The defined benefit pension is valued at 20 x the full pension they would have received if they had taken benefits at age 75. The pension used is the pension before any commutation for tax-free cash. However, if tax-free cash is provided separately (as is common in public sector schemes), it will be added in as a lump sum. The total amount is tested against the lifetime allowance available.
This benefit crystallisation event is triggered if there are still drawdown benefits to be paid out. The amount tested is the difference between the value of the fund at age 75 less the amount originally crystallised.
Obviously making withdrawals from the drawdown fund will result in a lower level of growth or no growth at all. However, the withdrawals themselves will be liable for income tax.

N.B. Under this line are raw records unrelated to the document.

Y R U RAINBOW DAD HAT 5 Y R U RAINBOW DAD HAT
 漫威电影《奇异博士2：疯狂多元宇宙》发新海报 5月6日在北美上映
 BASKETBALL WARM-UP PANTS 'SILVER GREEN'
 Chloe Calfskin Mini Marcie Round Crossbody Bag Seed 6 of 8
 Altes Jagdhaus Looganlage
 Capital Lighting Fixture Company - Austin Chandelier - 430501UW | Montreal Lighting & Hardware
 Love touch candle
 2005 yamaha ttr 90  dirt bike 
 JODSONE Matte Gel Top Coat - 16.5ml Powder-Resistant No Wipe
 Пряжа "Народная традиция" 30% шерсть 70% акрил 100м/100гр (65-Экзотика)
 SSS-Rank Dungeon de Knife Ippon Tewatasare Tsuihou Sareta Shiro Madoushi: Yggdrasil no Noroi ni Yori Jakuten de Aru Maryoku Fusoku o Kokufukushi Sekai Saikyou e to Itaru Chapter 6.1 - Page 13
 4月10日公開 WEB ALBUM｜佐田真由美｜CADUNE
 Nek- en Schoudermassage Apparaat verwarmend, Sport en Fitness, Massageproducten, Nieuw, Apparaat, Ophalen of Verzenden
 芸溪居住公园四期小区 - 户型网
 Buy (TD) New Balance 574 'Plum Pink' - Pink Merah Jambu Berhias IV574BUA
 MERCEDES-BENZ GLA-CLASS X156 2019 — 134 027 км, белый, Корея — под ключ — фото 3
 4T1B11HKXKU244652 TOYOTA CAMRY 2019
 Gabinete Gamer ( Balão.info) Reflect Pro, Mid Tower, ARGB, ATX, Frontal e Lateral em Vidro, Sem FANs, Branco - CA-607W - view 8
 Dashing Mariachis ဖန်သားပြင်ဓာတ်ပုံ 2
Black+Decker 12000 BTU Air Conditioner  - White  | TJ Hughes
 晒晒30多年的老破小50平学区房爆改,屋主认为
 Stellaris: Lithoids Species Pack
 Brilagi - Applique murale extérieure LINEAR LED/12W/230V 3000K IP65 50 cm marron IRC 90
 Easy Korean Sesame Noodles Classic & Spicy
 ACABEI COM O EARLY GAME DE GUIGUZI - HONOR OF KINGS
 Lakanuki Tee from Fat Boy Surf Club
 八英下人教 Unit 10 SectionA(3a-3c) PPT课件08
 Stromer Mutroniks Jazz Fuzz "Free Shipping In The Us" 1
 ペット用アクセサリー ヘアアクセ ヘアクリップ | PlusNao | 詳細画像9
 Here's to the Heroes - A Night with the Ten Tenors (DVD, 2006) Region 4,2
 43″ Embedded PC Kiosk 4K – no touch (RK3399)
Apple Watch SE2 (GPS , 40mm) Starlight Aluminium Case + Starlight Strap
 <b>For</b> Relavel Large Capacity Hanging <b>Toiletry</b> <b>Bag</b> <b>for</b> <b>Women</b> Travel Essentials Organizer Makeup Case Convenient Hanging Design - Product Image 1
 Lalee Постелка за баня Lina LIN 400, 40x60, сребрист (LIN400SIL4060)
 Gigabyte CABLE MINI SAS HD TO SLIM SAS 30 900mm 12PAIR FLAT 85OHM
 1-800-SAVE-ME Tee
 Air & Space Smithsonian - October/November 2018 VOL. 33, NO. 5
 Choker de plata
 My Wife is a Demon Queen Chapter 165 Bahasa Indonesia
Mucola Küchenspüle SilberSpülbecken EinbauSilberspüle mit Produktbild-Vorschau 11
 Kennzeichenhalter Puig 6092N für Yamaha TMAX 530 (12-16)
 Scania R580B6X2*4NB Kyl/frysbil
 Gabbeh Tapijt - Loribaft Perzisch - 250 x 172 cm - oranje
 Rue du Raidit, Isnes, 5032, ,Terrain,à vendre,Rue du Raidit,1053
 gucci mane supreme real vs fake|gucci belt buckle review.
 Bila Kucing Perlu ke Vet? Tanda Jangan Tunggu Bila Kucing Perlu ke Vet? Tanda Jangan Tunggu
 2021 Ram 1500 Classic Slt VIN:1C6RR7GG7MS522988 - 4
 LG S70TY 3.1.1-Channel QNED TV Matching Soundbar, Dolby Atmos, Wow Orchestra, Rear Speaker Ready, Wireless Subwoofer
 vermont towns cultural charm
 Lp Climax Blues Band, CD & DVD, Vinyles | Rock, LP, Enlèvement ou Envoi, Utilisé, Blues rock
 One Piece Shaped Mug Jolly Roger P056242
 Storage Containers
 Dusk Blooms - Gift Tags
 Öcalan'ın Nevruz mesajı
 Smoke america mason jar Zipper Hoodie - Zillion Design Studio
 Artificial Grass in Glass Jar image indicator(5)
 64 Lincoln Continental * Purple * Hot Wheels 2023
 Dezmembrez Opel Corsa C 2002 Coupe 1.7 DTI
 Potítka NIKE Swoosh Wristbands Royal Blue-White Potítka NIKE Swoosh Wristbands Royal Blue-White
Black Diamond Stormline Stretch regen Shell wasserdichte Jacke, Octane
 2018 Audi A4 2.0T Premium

Benefit crystallisation event 5B: age 75 money purchase arrangement without any or only some funds designated as drawdown pension
The uncrystallised fund is tested against the remaining lifetime allowance available.
Alan crystallised his £200,000 pension fund on 1 October 2014, taking £50,000 tax-free cash with the balance of £150,000 going into drawdown. This used up 16% of the 2014/15 lifetime allowance of £1.25 million. On 1 October 2022 (his 75th birthday), the drawdown fund is worth £220,000. The £70,000 growth in the fund is tested against £901,404 which is 86% of the lifetime allowance in 2022/23, so no lifetime allowance charge is due.
Can there be a benefit crystallisation event after age 75?
After age 75 the only benefit crystallisation event that can happen is where an annuity increases by more than a prescribed amount. This would be a rare occurrence, so for all practical purposes no benefit crystallisation event can happen after age 75.
HMRC Pensions Tax Manual – PTM088630: BCE 3 - Increase to a scheme pension in payment (opens in a new window)
Death before age 75 is also a benefit crystallisation event so there’s no escaping a lifetime allowance test – an individual’s pension rights will be tested at some point. But a lifetime allowance charge will only apply if the benefit crystallisation event value is wholly or partly over the lifetime allowance available.
The information provided is based on our current understanding of the relevant legislation and regulations and may be subject to alteration as a result of changes in legislation or practice. Also it may not reflect the options available under a specific product which may not be as wide as legislations and regulations allow.
All references to taxation are based on our understanding of current taxation law and practice and may be affected by future changes in legislation and the individual circumstances of the investor.